#### WORK TASK
Retype only the lines below from the one with "Profile Picture of" to the one with "extant_StarTrek_VOY_5x02-Drone_01370.jpg", inclusive, skipping every image.

#### EXERCISE MATERIAL

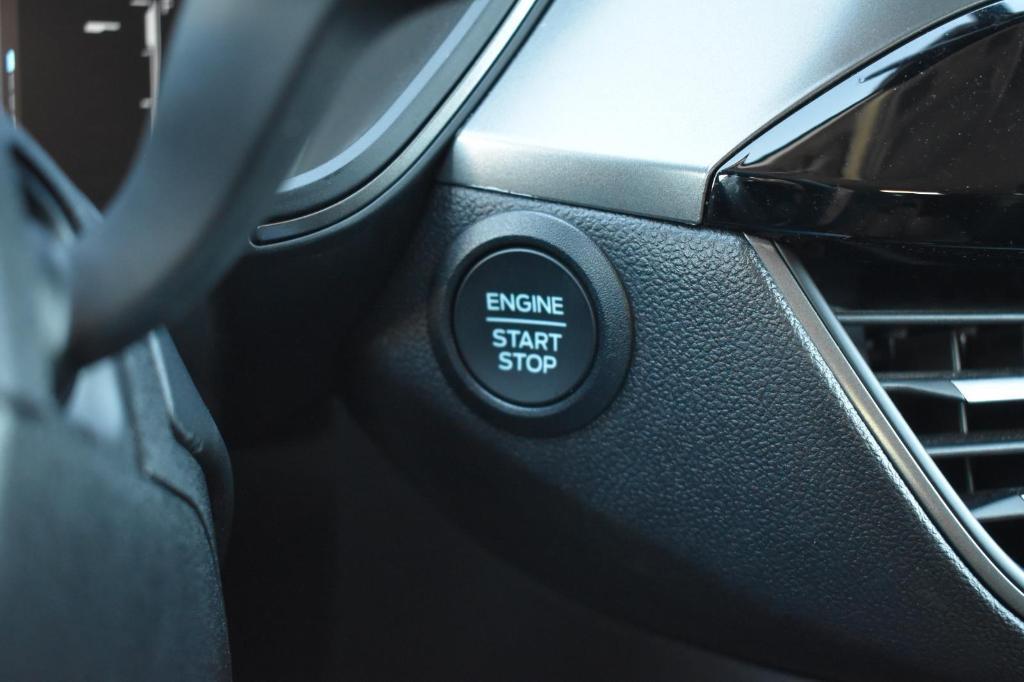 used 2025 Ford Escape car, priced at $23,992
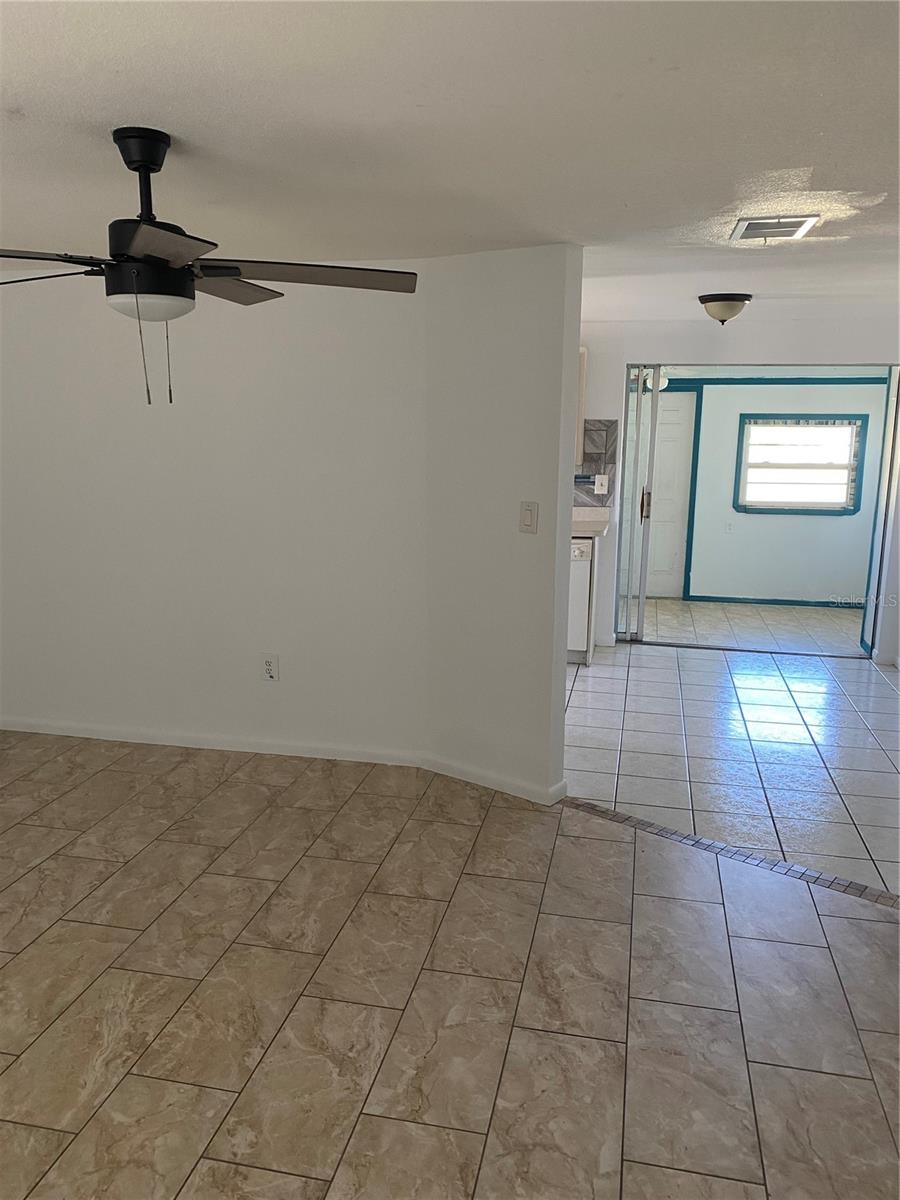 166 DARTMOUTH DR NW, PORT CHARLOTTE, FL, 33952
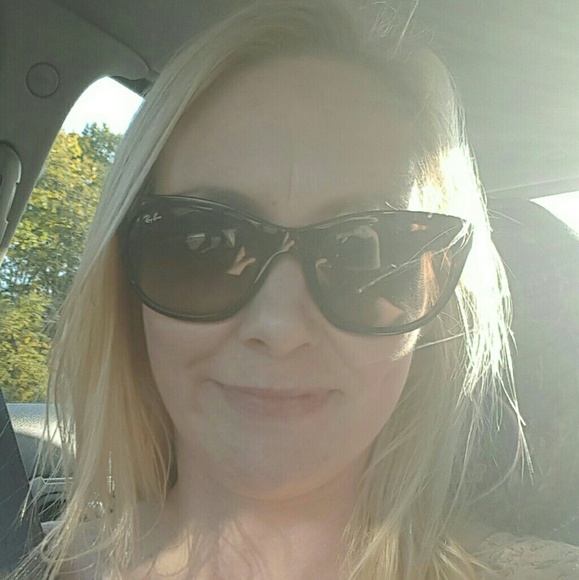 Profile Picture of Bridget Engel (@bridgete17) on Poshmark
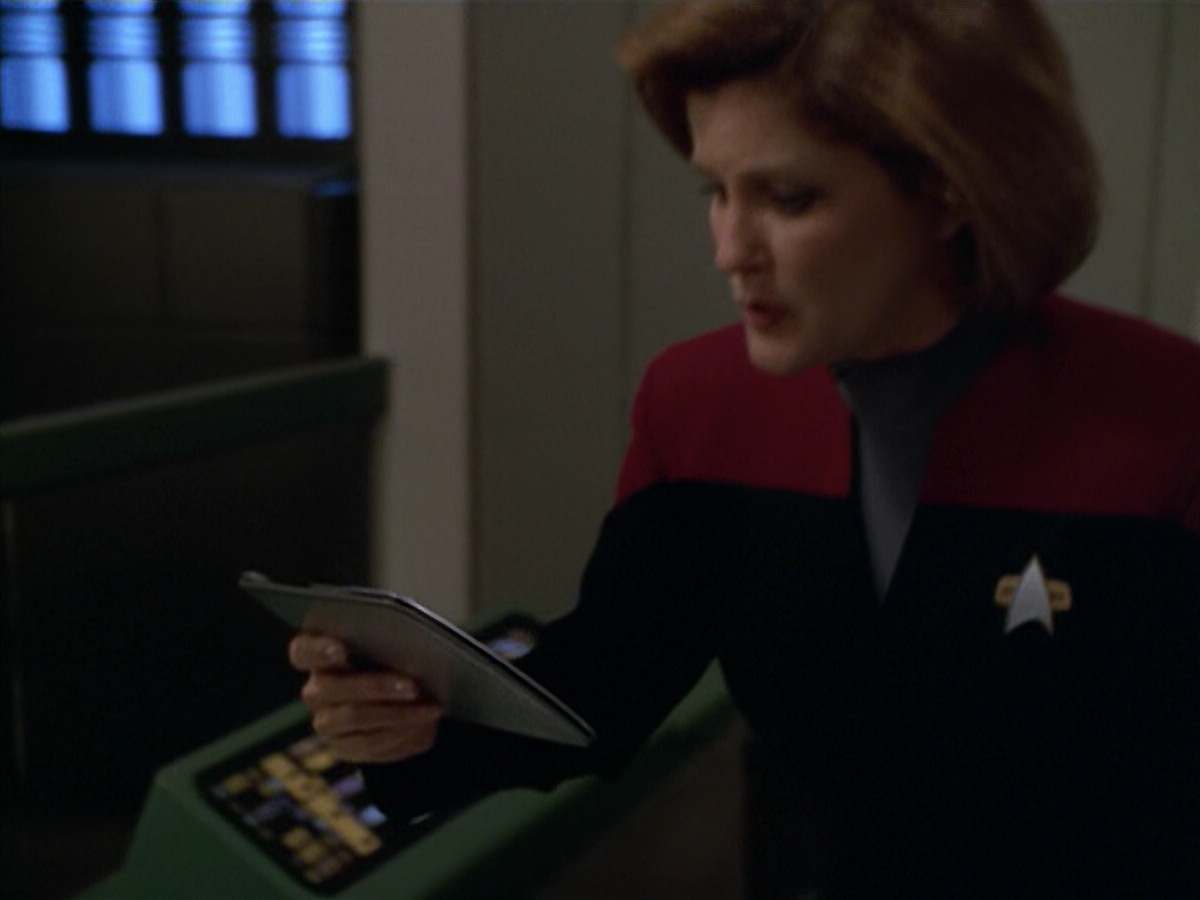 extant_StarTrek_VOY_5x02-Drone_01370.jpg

==

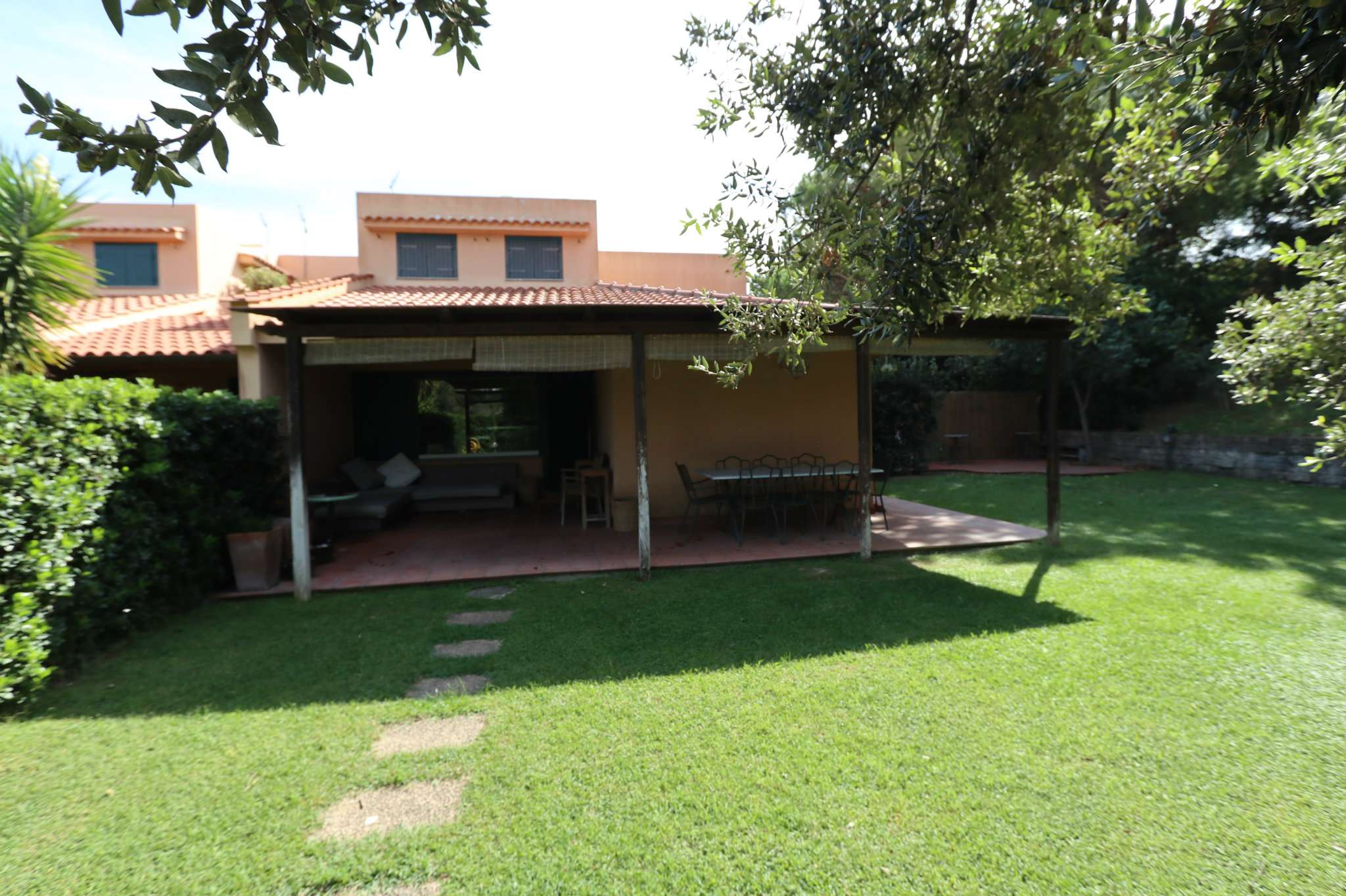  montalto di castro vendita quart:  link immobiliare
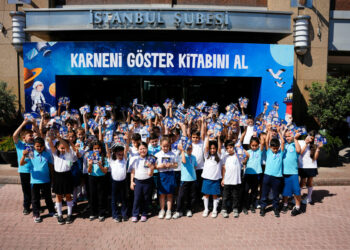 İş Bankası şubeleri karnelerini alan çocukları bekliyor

#### THE COMPLETED TASK
 Profile Picture of Bridget Engel (@bridgete17) on Poshmark
 extant_StarTrek_VOY_5x02-Drone_01370.jpg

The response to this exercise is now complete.